Just to add/update to the answer here: (I've removed the previous two answers and repurposed and edited a version I posted on CS stackexchange for this question that should be a better answer. I've also made sure to still address the concerns raised by DanielM as well as a different commenter. Successive edits just became too disorganized and convoluted.)
Scott Aaronson assumed in his 2015 blogpost that a MemComputer is purely an analog machine (which it was in the implementation he talked about) and used a concern that's very valid for analog machines to cast doubt on MemComputing's scalability in general. But the authors of the 2015 paper he talks about are clear that the implementation they were studying as a proof of principle is not unique. They specifically say that digital versions of it are possible. Since a machine with digital input/output doesn't need exponentially increasing precision to extract an output, you can't so easily claim that the exponential was simply moved to frequency space. You could say that simply pointing to a different implementation is a bit cheap, but MemComputing as a concept was built over multiple papers, different papers addressing different things, this one simply didn't attempt to address scalability because it was beyond the scope. This should be possible in research.
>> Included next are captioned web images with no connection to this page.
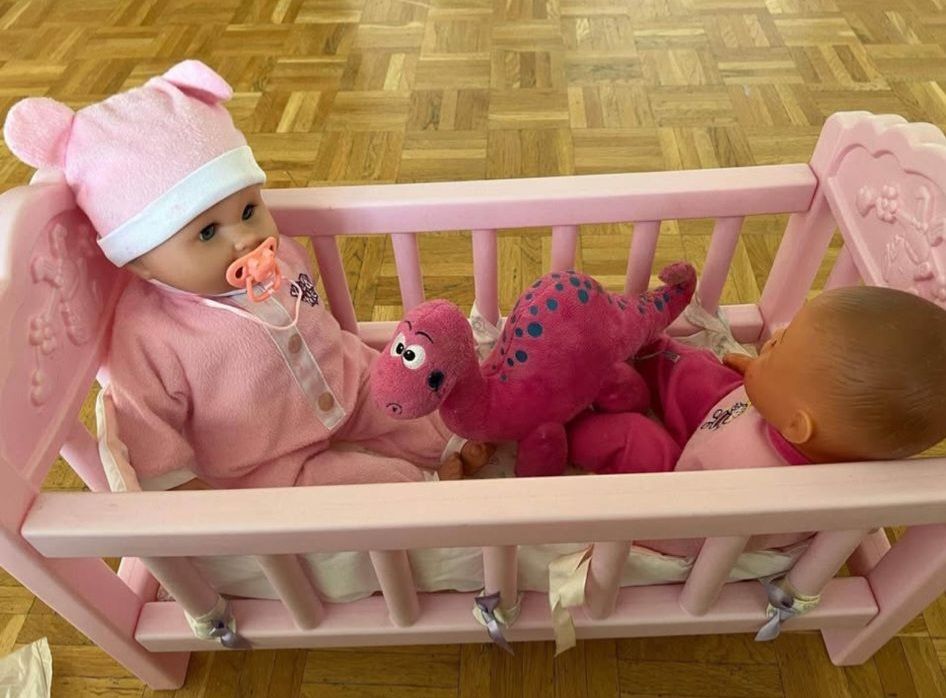 Bambole: Puppenbett mit Puppen – Usato da Zürich venduto da Abrar123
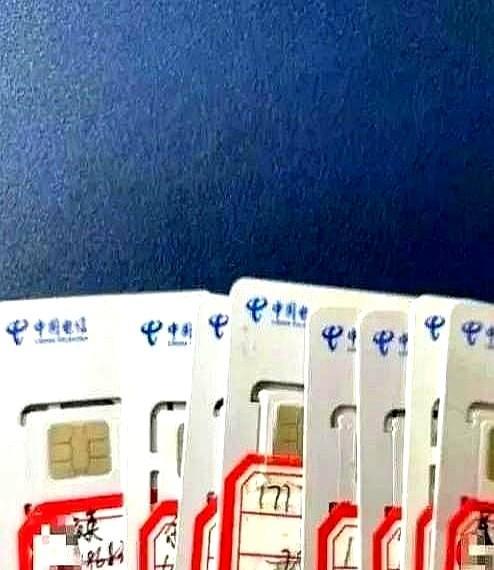 最近看到新买的手机里居然没有SIM卡槽，一问才知道现在eSIM要全面取代实体卡了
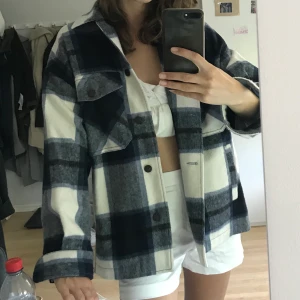 Zara jacka oanvänd xs - Oanvänd zara jacka i xs . Köparen står för frakt 🌸🌸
The general claim is simply that MemComputers leverage physics to compute in a way similar to quantum computers, except in a non-quantum system that exhibits dynamical long-range order. They do this in the sense that long range correlations (loosely analogous to entanglement) are used to solve hard problems which can be interpreted as having such long-range correlations baked into problem statements. This would simply be a machine that is more expressive than a Turing machine the way some people expect quantum computers to be more expressive than Turing machines. Therefore this would not threaten the generally held conjecture that $P\neq NP$, since that is a statement about Turing machines. Though it would clearly have implications for some versions of the Church-Turing thesis, the same way quantum computers do.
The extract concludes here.